Toyota shows Mirai-based research vehicle in Detroit


Toyota shows Mirai-based research vehicle in Detroit

The Toyota Mirai research vehicle unveiled at the 2016 Detroit auto show offers more than just hydrogen power under the hood - consumers already know that. Satellite communication systems also have wide coverage areas and will remain a reliable communication possibility even if the vehicle finds itself at the site of a natural disaster - the latter seems to have a connection with the country's recuperation from the aftermath of the 2011 tsunami.

The antenna is not obtrusive or heavy.

No dish and no moving parts mean a lighter, more streamlined antenna that can be installed during vehicle assembly or as an aftermarket add-on without detracting from the vehicle's design or hindering aerodynamics. The company also boasts that it was the first major wireless carrier to launch a global SIM platform for cars.

There's no word on whether other automakers are departing from the 4G mindset to experiment with satellite connectivity, but Toyota doesn't expect to release the technology for another four or five years.

The carmaker showed-off a research vehicle at the NAIAS.

"So for many things this can be a much more cost effective pipe and deliver a tremendous amount of more data into the auto". With an exclusive right for development and testing of the on-car antenna, Toyota lent the company research vehicles for test driving.

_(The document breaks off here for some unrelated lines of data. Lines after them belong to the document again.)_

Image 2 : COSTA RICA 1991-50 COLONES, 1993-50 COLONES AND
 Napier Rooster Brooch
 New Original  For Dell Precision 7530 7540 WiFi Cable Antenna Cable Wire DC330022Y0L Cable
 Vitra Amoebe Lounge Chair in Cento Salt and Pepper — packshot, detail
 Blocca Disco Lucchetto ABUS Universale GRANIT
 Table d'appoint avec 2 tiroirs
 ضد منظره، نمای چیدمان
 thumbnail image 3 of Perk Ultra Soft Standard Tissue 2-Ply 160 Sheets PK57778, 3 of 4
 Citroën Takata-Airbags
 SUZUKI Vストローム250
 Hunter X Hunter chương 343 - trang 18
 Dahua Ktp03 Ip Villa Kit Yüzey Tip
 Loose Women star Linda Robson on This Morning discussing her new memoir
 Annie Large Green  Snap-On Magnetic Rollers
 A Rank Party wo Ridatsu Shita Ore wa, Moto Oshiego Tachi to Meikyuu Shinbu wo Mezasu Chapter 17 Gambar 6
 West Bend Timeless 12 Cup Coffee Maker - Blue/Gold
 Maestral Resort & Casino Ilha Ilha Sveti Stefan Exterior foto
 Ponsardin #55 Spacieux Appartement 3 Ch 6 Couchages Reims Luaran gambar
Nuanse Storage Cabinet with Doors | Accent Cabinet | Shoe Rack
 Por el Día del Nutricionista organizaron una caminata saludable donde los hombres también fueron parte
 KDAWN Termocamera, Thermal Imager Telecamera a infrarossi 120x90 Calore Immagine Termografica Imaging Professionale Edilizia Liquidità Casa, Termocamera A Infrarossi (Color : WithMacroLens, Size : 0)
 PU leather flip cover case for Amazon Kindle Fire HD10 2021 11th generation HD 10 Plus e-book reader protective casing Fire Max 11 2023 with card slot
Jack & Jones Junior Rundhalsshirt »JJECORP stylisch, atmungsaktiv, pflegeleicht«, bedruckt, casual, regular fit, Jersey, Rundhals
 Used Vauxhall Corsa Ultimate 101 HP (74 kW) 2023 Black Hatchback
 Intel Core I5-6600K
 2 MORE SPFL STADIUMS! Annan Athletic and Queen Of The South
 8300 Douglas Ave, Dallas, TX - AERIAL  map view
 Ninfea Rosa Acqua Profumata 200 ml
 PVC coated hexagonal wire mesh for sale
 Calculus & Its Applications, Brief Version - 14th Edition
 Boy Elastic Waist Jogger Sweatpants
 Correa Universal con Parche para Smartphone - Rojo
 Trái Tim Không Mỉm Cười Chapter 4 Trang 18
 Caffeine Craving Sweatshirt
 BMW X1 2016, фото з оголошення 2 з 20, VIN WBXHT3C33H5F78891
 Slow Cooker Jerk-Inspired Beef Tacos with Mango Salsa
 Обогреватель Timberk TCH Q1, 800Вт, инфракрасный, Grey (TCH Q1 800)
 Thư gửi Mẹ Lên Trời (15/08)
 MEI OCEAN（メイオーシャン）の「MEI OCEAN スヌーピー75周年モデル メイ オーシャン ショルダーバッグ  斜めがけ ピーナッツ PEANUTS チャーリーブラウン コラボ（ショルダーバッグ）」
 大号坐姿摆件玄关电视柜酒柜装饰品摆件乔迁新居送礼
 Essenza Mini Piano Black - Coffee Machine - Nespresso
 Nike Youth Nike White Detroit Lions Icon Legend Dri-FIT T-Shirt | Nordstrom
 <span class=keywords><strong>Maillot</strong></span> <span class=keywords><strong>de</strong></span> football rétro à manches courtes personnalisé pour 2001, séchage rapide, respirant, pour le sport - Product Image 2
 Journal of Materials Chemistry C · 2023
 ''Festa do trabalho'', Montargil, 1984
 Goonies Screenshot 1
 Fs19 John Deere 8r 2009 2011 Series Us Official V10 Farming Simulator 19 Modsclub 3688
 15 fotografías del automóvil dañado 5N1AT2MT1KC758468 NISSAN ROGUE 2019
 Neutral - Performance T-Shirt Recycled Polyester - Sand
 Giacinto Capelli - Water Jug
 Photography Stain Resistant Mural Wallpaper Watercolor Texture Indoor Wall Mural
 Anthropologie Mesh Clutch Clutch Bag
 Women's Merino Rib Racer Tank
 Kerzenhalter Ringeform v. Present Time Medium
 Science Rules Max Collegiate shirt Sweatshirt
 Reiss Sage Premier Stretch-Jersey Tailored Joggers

If the flat-panel satellite technology arrives on future vehicles, it would herald a new era for communication systems in vehicles.

"For several years, Toyota met with emerging companies around the world to investigate new technologies", Shigeki Tomoyama, senior managing officer of Toyota Motor Corp., said in a statement. "Kymeta's satellite antennas remove the need for mechanical components by using software and liquid crystal technologies to electronically track and steer towards satellites", Toyota said.

Toyota is working to get data to and from your vehicle as fast as and as safely as possible and satellites might be the answer.

Toyota has introduced a Mirai prototype outfitted with a new form of satellite antenna technology. Over the course of the journey, the mTenna technology, embedded into the roof of the automobile, automatically acquired and tracked Intelsat Ku-band satellite signals while on the move.